La mañana recién ha comenzado, pero en mi corazón deseo que termine de una vez llevándose consigo el dolor. Ha pasado casi un año y aún me resulta difícil caminar por los pasillos del campus, como si cada paso fuera una nota más en la canción infinita que me habla de ti. Bajo la escalera en dirección al patio, pero me resulta abrumador ver al pequeño perro que alguna vez te siguió hasta aquí sentado en el asfalto, con su pelaje opacado por tu ausencia. Sospecho que al igual que yo, el pequeño quiltro negro puede sentir que por más que la universidad siga funcionando hay algo que no está bien, algo que falta, algo más importante que pruebas o clases.
Por meses he pensado en algo que me ayude a escapar de mis sentimientos, dejando atrás la angustia que me invade, y es que en algún rincón de mi entristecida alma sigo creyendo que es posible retomar la vida donde quedó. En innumerables ocasiones me he sentado en el patio a escribir -en aquel lugar donde solíamos pasar horas riendo-, pero las constantes interrupciones no me dejan avanzar más que una o dos líneas. Incluso han habido días en que me he quedado inmóvil, sin siquiera posar el lápiz sobre el papel, tan solo observando el trabajo previo como si en éste estuviese la clave para volver atrás, para que las cosas volviesen a su lugar, para que tú volvieses junto a mí. Finalmente he logrado terminar y corregir estas palabras, tras consumirme en el dolor y el humo de miles de cigarrrillos.

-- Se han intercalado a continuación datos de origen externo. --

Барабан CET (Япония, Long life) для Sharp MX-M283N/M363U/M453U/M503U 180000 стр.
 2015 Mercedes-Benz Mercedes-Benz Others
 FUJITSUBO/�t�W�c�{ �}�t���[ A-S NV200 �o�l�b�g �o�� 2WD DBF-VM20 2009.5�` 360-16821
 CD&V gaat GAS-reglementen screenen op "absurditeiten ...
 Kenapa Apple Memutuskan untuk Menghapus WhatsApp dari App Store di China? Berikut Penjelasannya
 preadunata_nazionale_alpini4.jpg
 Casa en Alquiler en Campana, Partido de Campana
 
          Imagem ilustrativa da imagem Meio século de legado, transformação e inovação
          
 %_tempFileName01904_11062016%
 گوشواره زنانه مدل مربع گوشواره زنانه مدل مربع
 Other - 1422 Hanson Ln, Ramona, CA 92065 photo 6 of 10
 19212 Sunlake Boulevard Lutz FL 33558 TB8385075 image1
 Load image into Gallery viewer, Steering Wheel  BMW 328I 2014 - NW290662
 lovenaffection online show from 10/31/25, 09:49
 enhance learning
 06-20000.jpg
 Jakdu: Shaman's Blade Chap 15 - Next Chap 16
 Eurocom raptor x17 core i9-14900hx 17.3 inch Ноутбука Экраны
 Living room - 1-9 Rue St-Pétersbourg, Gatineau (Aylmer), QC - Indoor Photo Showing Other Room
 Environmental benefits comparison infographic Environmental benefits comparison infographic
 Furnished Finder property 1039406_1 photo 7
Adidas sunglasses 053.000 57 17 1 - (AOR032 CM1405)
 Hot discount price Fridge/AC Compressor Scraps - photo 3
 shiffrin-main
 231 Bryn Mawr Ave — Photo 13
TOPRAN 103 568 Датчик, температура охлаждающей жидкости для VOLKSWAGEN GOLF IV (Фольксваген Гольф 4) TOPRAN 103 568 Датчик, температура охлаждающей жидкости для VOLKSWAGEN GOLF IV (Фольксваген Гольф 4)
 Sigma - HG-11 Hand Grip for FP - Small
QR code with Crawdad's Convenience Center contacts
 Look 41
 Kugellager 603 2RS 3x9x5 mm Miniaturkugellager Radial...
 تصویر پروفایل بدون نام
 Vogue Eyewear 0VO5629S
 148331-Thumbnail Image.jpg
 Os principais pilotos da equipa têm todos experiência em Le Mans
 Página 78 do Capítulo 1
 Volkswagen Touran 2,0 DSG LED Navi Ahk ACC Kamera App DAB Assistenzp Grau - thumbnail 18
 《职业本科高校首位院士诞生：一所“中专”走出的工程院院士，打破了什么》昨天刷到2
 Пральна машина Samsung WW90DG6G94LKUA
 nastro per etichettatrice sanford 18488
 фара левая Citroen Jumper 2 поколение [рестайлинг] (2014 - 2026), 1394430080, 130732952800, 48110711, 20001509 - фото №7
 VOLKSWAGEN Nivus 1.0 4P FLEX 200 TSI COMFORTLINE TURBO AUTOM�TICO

Bien sabes que ésa siempre ha sido mi forma de hacer las cosas, callar y cargar en silencio con mis heridas hasta que llegue el momento más adecuado para dejarlas sanar. Pero en mi corta vida nunca he sentido un sufrimiento más grande que éste que me has dejado, y creo que nada de lo que siga podría ser peor. Para ser honesto no guardo grandes esperanzas, en especial al sentir que en mi cabeza seguirá atormentándome tu recuerdo. Sin importar el dolor que he sentido he dejado que las imágenes me invadan una y otra vez, todo para poder contarte esta historia que bien sabes nos pertenece a ambos, que por más que ya no estés conmigo fue escrita por dos.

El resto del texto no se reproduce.